**Problem details**
Repeat the records below exactly, from the first line through the line containing "Modrý motýl v", and leave out any pictures.

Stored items
========================================
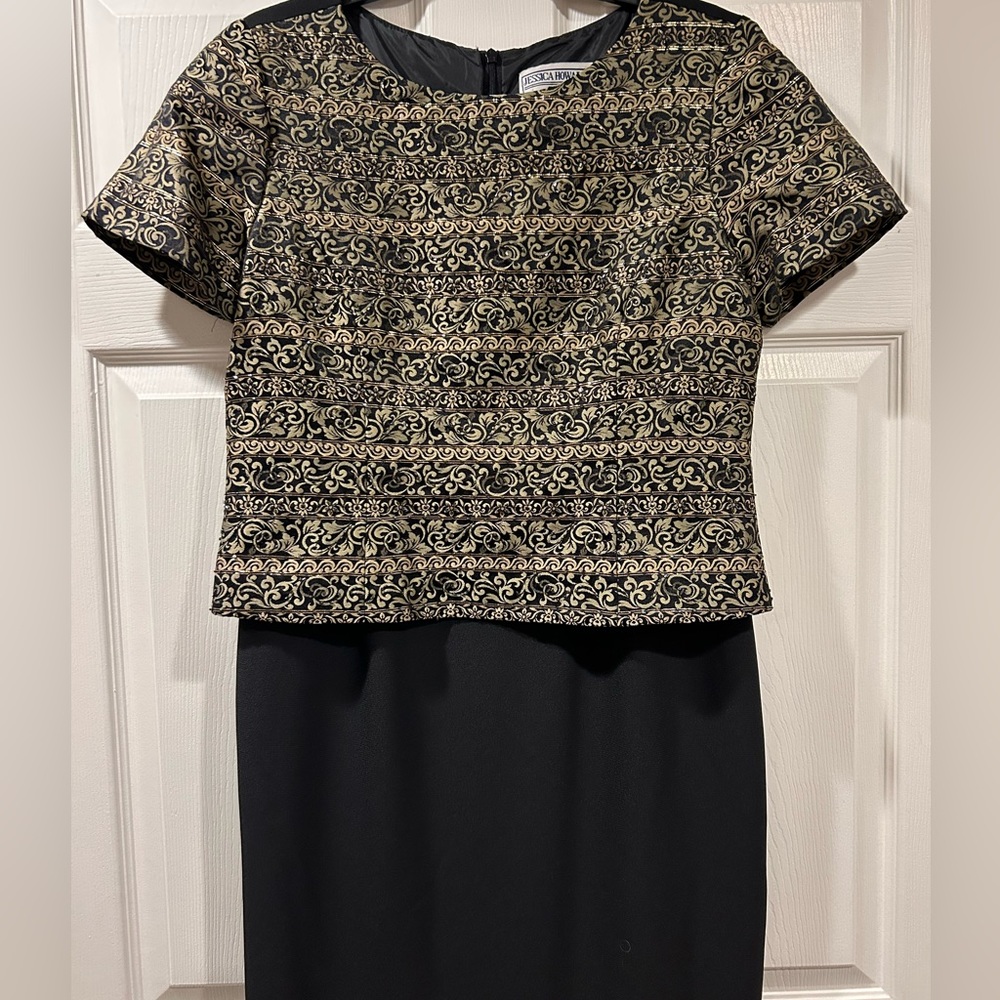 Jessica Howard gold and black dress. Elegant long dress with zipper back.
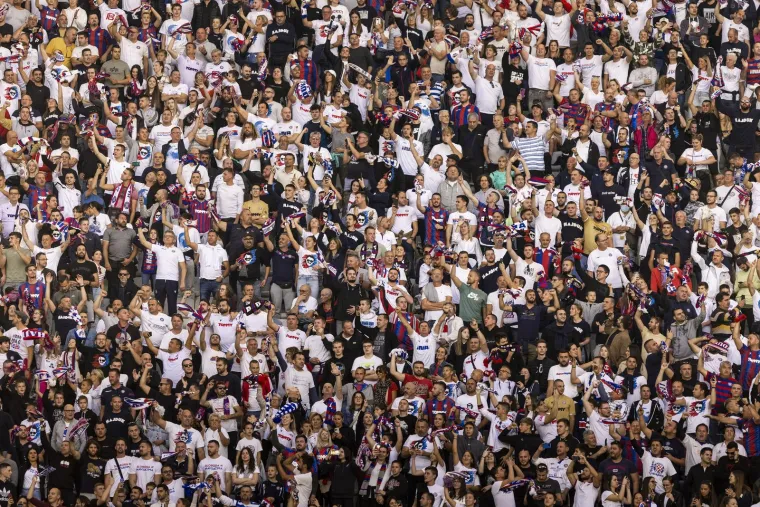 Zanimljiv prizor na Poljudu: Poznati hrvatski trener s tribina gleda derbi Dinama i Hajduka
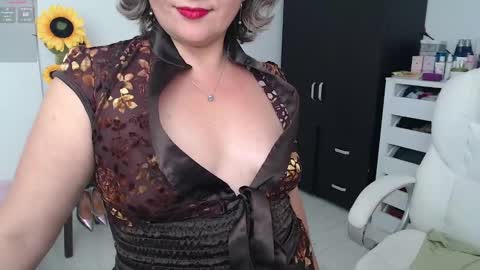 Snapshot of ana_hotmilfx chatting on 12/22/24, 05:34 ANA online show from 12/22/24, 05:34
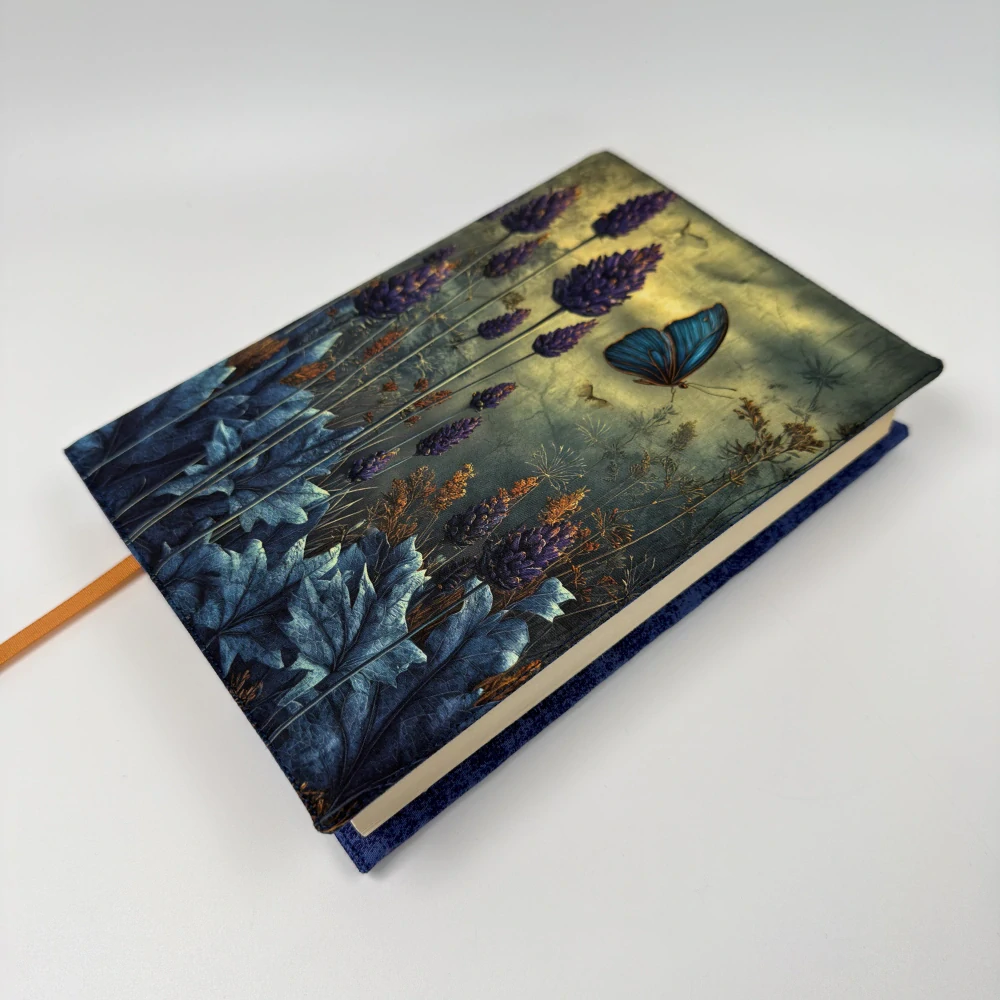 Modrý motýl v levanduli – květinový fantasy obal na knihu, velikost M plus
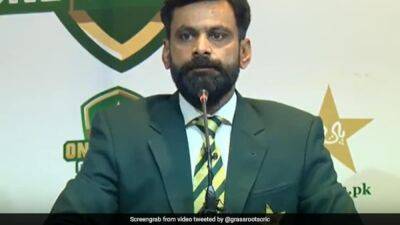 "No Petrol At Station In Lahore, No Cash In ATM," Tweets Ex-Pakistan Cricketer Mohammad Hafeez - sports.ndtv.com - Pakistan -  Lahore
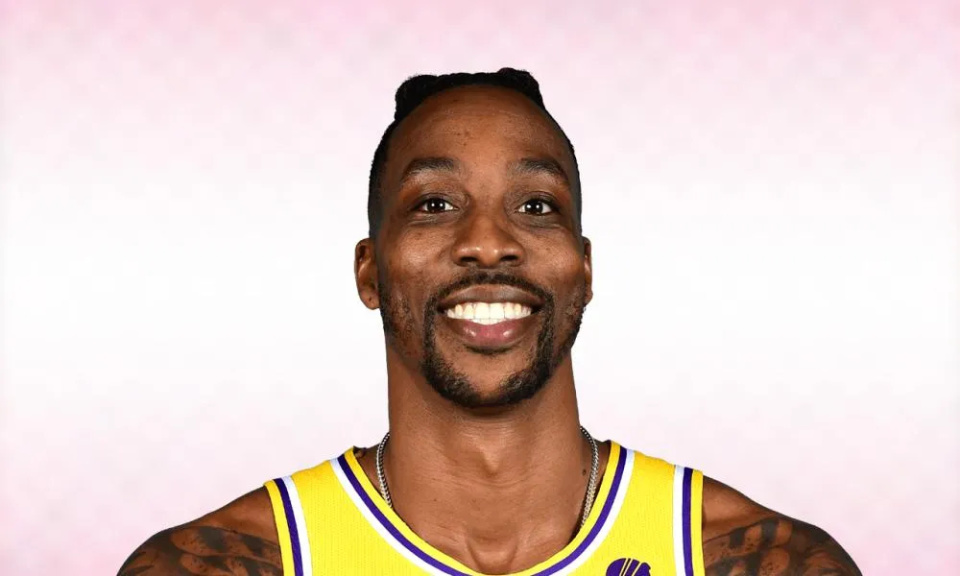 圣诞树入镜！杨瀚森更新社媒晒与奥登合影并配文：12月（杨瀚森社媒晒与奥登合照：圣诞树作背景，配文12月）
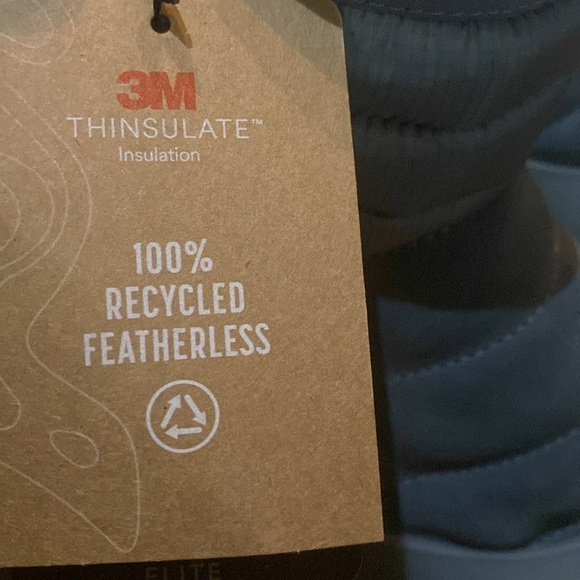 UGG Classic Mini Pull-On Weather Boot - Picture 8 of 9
========================================
**Output of the exercise**
 Jessica Howard gold and black dress. Elegant long dress with zipper back.
 Zanimljiv prizor na Poljudu: Poznati hrvatski trener s tribina gleda derbi Dinama i Hajduka
 Snapshot of ana_hotmilfx chatting on 12/22/24, 05:34 ANA online show from 12/22/24, 05:34
 Modrý motýl v levanduli – květinový fantasy obal na knihu, velikost M plus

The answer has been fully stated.